Most women regardless of their dysfunctional childhood, grow up and find comfort through female friends—it’s considered normal to cry and vent, express emotion, and fall apart when needed.
Men aren’t naturally encouraged to release their pain and express their hurt, so to survive they slowly add armor to their hearts and stand guarded against that pain.
While we find comfort in our female friendships, often a man’s only source of physical comfort is sex. Hmmm…kind of makes you think doesn’t it? Does this mean that we should hug and hold our new male friends often; thus delaying the pressure to have sex too soon? Do our men often reach across the bed for sex when what they are really seeking is comfort?

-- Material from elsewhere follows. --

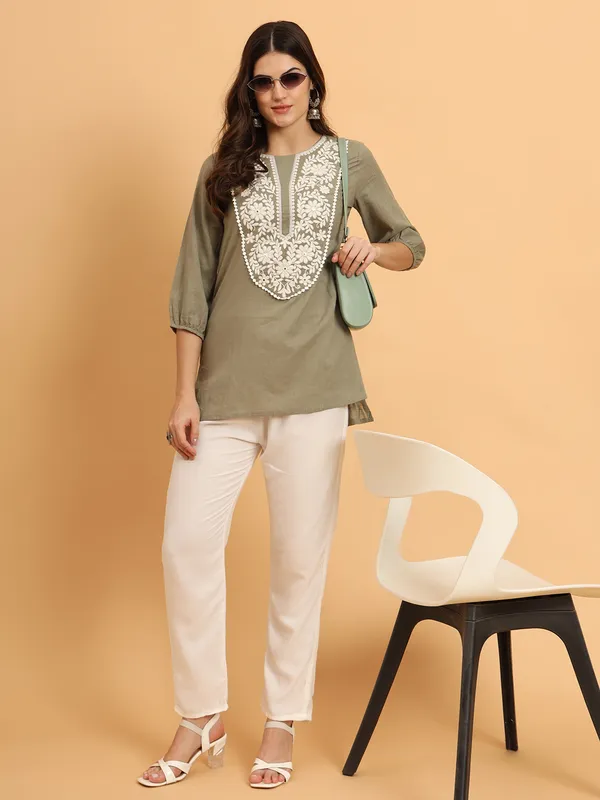 Mehandi_Solid_Pure_Cotton_Straight_Top_For_Women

So, as we try to navigate mixed signals from our male species and wish for clearer communication; I’ve realized that most of their ambiguous actions are merely to protect a tender heart from rejection. Most women I know agree that witnessing an empowered man opening his heart, despite his wounding, then putting it all out there in a vulnerable way is sexy.
Sexy, but not easy.
Many men have been shamed in the past for asking for what they want. They’ve been shamed for wanting sex, shamed for feeling attraction and shamed for their vulnerability. (Don’t get me started on how women have been wounded) It’s an uneasy playing field out there, actually a land mine field when you think about it. Take a woman wounded by an aggressive man and have her approached by a man openly asking for what he wants and she may cower and run. Makes you realize that the next woman he approaches may experience him as a man that dances around what he wants and is now afraid to ask openly. What a conundrum eh?
Women are wounded and afraid to trust. Men are wounded and afraid to open. I wonder what would happen if both sexes fought those voices inside and just put it all out there? Kind of like that game of paper~ scissors~ rock; you look at each other and on the count of three go for it not knowing what the other is going to do.
What I do know is that if we keep waiting to see what the other will do, we’ll find ourselves in this pattern for a few more decades. If I wait for a man to be vulnerable and open with me before being vulnerable and open myself, I may be waiting a lifetime. If a man waits until he knows it’s safe to express what he wants and how he feels until the woman feels safe, he will be closed for a lifetime. There is no safety net when it comes to changing paradigms.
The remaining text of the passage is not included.